Nerdy is ok, in 2010 nerdy is cool... You are wrong, it is not about nerdy...
It is about cheap labor. Kids see their parents, neighbors, relatives,... losing their engineering and computer science jobs (they lose their jobs to imported cheap labor from India - on H-1B and L1 visas) and decide to pursue other fields like business and finance. If the H-1B and L1 visas are not cancelled, the pattern of having Engineering and IT departments in major companies made up completely of imported cheap labor from India, ... that pattern will continue, and become the norm...
I totally agree with James Smith. I've been an engineer for 18 years and during the last 7 years, I had been laid off twice; each time I was asked to train my replacement -- an H-1B who is willing to work for much less. I would advise my children to stay away from STEM careers. The H-1B has become America's most hated government program ever. It's all about fraud, cheap slave labor, exploitation, and corporate greed.
Bock,
No one is buying the lie that H-1B visa holders bring innovation to this country. You can keep trying to spread propaganda but too many American IT workers have been hurt by this program to make your false message plausible. If the H-1B program were about bringing the best and brightest to this country instead of cheap labor, how come wages have steadily declined in these fields?
"White-male only"?????
Any hungry lawyers out there looking for glory?
Pursuing the following idea would even be socially useful, not like those lawyers you read about suing companies for having an expired patent number printed on their products.
Improving the U.S. education system, while a laudable goal, does NOT fix this problem. There are a million or more un-or-under employed engineers and IT people that are already very well educated.
A better fix would be for someone to initiate a class-action lawsuit challenging the constitutionality of the H1B visa under the 13th Amendment to the U.S. Constitution (the amendment that freed the slaves).
An H1B employee is "out of status" if they are laid off, and is required to leave the country immediately. There is no statutory "grace period".
This gives an employer the power to threaten an employee with IMMEDIATE DEPORTATION. The employer is not, of course, directly ordering the deportation, they are merely making the employee subject to immediate deportation by the U.S. government.

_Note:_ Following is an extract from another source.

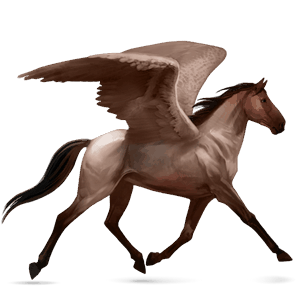 riding pegasus argentinean criollo roan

In United States v. Kozminski, 487 U.S. 931 (198), the Supreme Court of the United States ruled that the Thirteenth Amendment circumscribed involuntary servitude to be limited to those situations when the master subjects the servant to:
1. threatened or actual physical force,
2. threatened or actual state-imposed legal coercion or
3. fraud or deceit where the servant is a minor, an immigrant or mentally incompetent.
The federal anti-slavery statutes were updated in the Trafficking Victims Protection Act of 2000, P.L. 106-386, which expanded the federal statutes' coverage to cases in which victims are enslaved through psychological, as well as physical, coercion.
Being put "out of status", subject to immediate deportation, is a form of "threatened or actual state-imposed legal coercion".
Yep, it's all about cheap, easily brow-beaten labor.
Studies carried out from the 1990s through 2010 by researchers from
Columbia U,
Computing Research Association (CRA),
Duke U,
Georgetown U,
Harvard U,
National Research Council of the NAS,
RAND Corporation,
Rochester Institute of Technology,
Rutgers U,
Alfred P. Sloan Foundation,
Stanford U,
SUNY Buffalo,
UC Davis,
UPenn Wharton School,
Urban Institute, and
US Dept. of Education Office of Education Research & Improvement
have reported that the USA has continually been producing more US citizen STEM (science, tech, engineering, math) workers than we've been employing in these fields.
Examination of employment data and projections from BLS when compared with NCES (US Dept. of Education) records of degrees earned by US citizens confirms these findings.
There was no shortage of talented US citizen STEM workers.
There is no shortage of talented US citizen STEM workers.
No credible evidence of impending shortage of talented US citizen STEM workers has been produced.